International Association for Suicide Prevention: crisis centre directory · Samaritans (UK): 116 123 · Crisis Text Line (US): text HOME to 741741

this may not work right away
Practice and
neurological
adaptation

The Monroe Institute's Gateway Experience — the most documented binaural entrainment programme of the twentieth century — explicitly structures its work across six sequential albums of exercises, each building on the last. The instruction throughout is that the depth of the experience depends on the brain learning to follow the frequencies, which improves with repetition.

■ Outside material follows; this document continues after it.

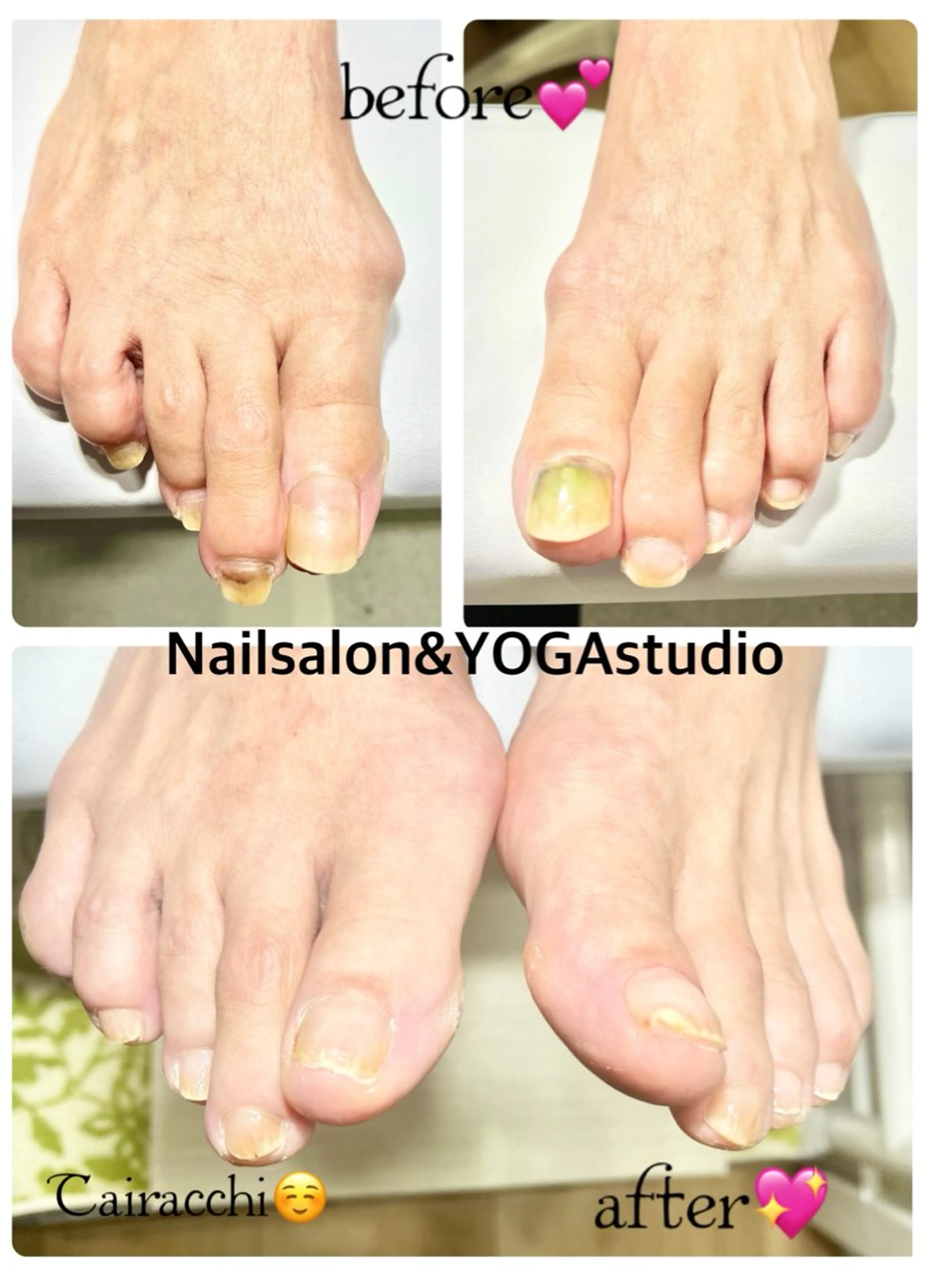 ネイル フットネイル ジェルネイル ハンドケア Tairacchi ﾀｲﾗｯﾁのエステ・リラクイメージ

The same principle applies here. The Working uses the same fundamental technology as the Gateway programme — binaural beats, altered breath, progressive states — and the same expectation is warranted: the first session may produce only mild effects. This is not the practice failing. It is the nervous system learning the protocol.

Neural entrainment improves with practice. The brain becomes progressively more efficient at following the target frequencies. Users of binaural entrainment programmes consistently report deeper effects across the first three to five sessions as this adaptation occurs.

What this means practically: if your first session produced tingling and some lightheadedness but little else, that is a successful first session. The deeper material — imagery, emotional release, genuine state shift — tends to emerge from the second or third session onward as the nervous system recognises and follows the structure.

The five-minute taster exists to give you a real physiological experience of the practice before committing. The full session — starting at ten minutes — is where the state becomes substantially more available. Most users report a marked shift in depth between their first and third full sessions.

The Working is a self-directed personal practice tool. It is not a medical device, a therapeutic intervention, or a substitute for professional mental health or medical care. It does not diagnose, treat, or cure any condition.

By using The Working, you confirm that none of the listed contraindications apply to you, that you have read and understood this precautions page, that you assume full personal responsibility for your use of this instrument and any effects that arise from it, and that you release the creators of The Working from all liability to the fullest extent permitted by applicable law.

If you are unsure whether this practice is appropriate for you, consult a qualified health professional before proceeding.